WGC, BIPOC TV & Film disagree over story coordinator role

Both organizations released statements on the issue, which was first sparked by a petition launched by BIPOC TV & Film for story coordinators to receive guild status.

pen-notebookThe conversation around story coordinators in Canada’s film and TV industry continues as the Writer’s Guild of Canada (WGC) and BIPOC TV & Film release new statements on their respective positions.

The grassroots organization expressed its “disappointment” at a letter the WGC released to its members on Friday (June 19), with the guild maintaining that story coordinators are not writing positions and cannot be protected under its Independent Production Agreement (IPA).

BIPOC TV & Film first raised the issue with a petition on June 5, calling for the WGC to give story coordinators guild status so workers could receive a “standard livable minimum rate,” along with health and retirement benefits.
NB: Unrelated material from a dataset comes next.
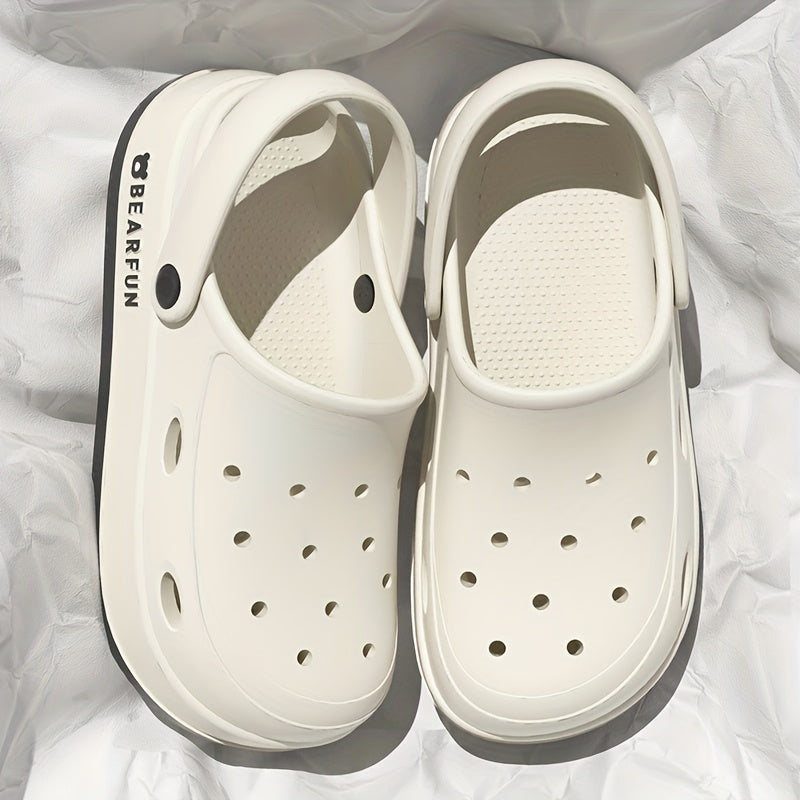 Women's Men's Beige Eva Platform Clogs Non-Slip Cushion Summer Sandals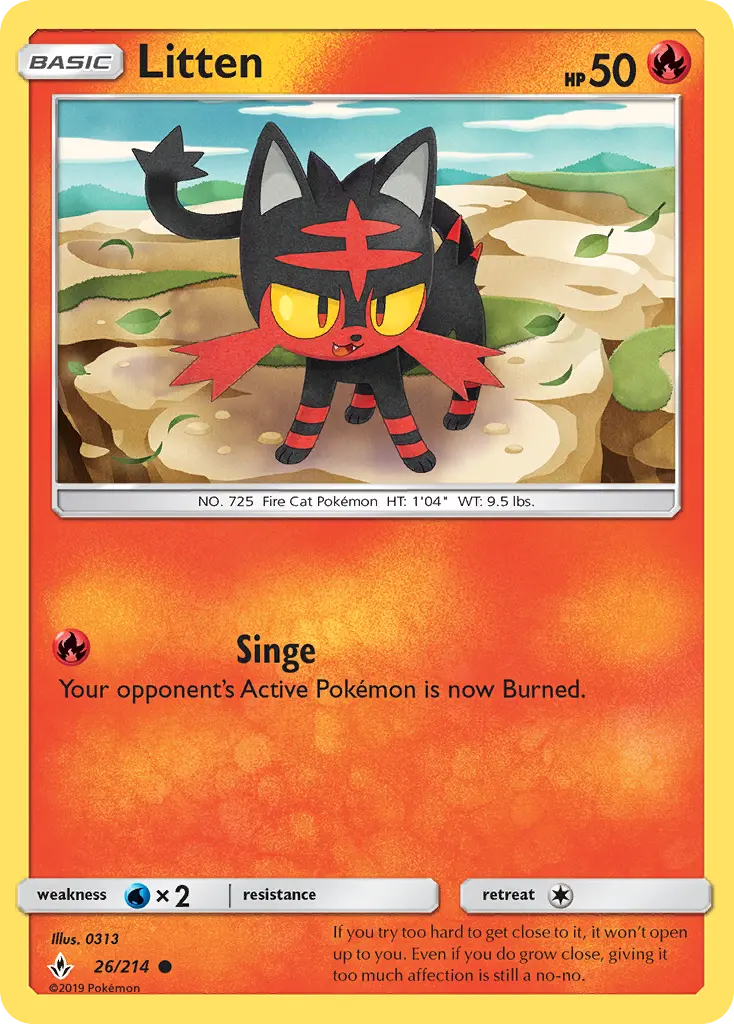 Litten 26 Unbroken Bonds Pokesingles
The petition states that the role is largely held by BIPOC writers entering the industry and has evolved from an entry-level position to one with larger responsibilities.
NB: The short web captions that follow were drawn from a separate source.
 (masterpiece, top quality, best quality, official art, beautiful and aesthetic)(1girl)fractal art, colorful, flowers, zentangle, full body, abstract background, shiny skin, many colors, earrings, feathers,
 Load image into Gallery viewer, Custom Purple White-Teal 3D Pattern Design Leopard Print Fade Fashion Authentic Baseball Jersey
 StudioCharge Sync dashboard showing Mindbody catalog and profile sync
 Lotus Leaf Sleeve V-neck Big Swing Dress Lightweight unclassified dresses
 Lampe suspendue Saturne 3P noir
The organizations held a call to discuss the petition on June 12, with WGC executive director Maureen Parker and WGC councillors Alex Levine and Marsha Greene speaking with representatives from BIPOC TV & Film, where the WGC “reviewed the factual problems with the demand to cover this group.”
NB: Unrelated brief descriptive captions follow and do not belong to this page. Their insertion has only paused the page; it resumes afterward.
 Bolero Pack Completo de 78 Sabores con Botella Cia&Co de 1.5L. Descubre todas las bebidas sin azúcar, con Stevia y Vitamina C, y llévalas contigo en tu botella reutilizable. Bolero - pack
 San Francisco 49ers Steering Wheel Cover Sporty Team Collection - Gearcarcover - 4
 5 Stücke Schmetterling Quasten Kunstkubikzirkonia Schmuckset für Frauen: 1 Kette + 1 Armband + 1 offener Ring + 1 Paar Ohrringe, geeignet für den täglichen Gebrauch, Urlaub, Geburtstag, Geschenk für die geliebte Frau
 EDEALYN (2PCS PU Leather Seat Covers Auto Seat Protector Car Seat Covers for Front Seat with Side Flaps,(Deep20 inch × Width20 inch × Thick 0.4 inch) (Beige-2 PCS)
In their statement to members, the WGC said story coordinators “may verbally contribute ideas in the story room among their numerous other tasks” but do not write script material. Once coordinators are asked to write they must receive a separate writing contract, and if they are asked to polish scripts or punch up jokes, they should be contracted as story editors. The WGC added that the position of script coordinator has been covered by IATSE Local 411 in 2011, which represents production coordinators in Ontario.

The WGC went on to say that the “underlying issue here is a lack of writing work,” noting that the guild continues to lobby for increased levels of Canadian production in the face of fewer commissions from broadcasters. According to the WGC, Bell Media has reduced its scripted content by 83%, Corus Entertainment by 63% and Rogers by 61%, adding that global streaming services such as Netflix and Hulu have also cut down their scripted Canadian-produced productions. The letter was signed by Parker, president Dennis Heaton, and the guild’s council members.

In its response – also released Friday – BIPOC TV & Film proposed that the script coordinator role should be considered in-production only, while the WGC covers story coordinators hired for development rooms or pre-production writing rooms and recognizes that verbally contributing story ideas should warrant a credit. The organization also called for the WGC to start a “a public dialogue with the CMPA on the evolving needs and definitions to stay current with the realities of writing rooms in 2020 and beyond.”

According to BIPOC TV & Film, there are currently 14 script coordinators covered by IATSE 411 on a non-exclusive basis, who largely work on service productions, with many also working as production coordinators or assistant production coordinators. The definition of script coordinators on the IATSE 411 website does not include verbal contributions in the writing room.